Setelahnya kami melakukan ritual biasa, usung-usung, mengepak barang, gamelan, tata lampu dan setting panggung. Dan ada yang berucap “hari ini nampak berbeda, ada energi lain lagi yang hadir” begitu kata salah seorang pemain.  Memang selalu ada hal baru setiap pementasan yang terjadi, meski dengan naskah yang sama, tapi pasti tiap tempatnya membawa cerita lain lagi, membawa rindu lagi, membawa kenangan yang berbeda lagi.

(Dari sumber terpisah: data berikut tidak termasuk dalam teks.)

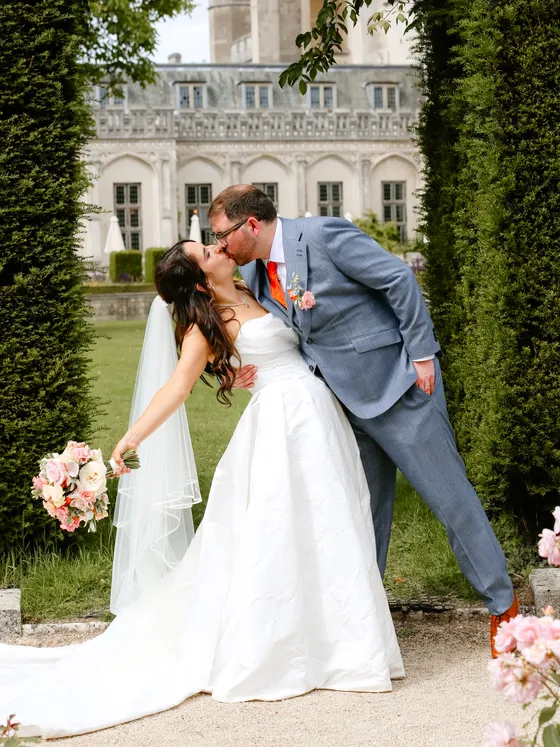 Bride and groom kissing in the garden after their wedding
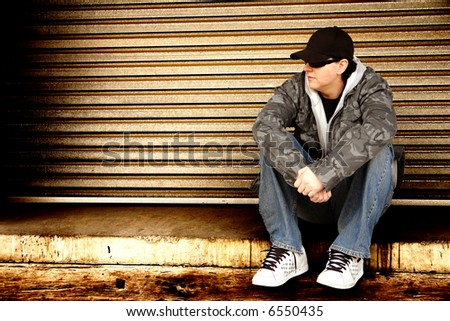 Skater sitting down on a ledge with a grunge style background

Mungkin, yang berbeda pada malam itu ialah bahwa para pemain mulai sadar kehadiran penonton, mulai menganggap penonton adalah juga bagian dari pementasan, mulai berinteraksi dengan penonton, meski dengan ragu-ragu dan malu. Namun, malam itu adalah sebuah pertanda bahwa kami terus belajar dan belajar, oleh adanya kemungkinan baru, oleh adanya peristiwa baru dan kejutan-kejutan baru yang hadir pada setiap pementasan. Meski malam itu kami sedikit kaku dan malu memulai interaksi dengan penonton, dan belum seluwes teater pendahulu-pendahulu kami yang berpentas pula di dusun-dusun, kami akan terus belajar dan mencoba, untuk menjadikan setiap pertunjukan kami adalah sebuah peristiwa, adalah sebuah kehadiran. Bukan sekedar ada, tapi hadir sebagai sesama manusia, sedulur, yang mencoba nyawiji dengan penonton.

Begitulah malam itu, mesra, permulaan baru lagi, kemungkinan baru lagi. Semoga kami masih terus memiliki kesempatan untuk membenahi apa yang kami rasa kurang dalam setiap pementasan. Semoga, kami hanya mampu semoga, dan kalian para pembacalah yang akan menjadikan nyata atas semoga ini.

Terimakasih telah membaca sampai akhir !!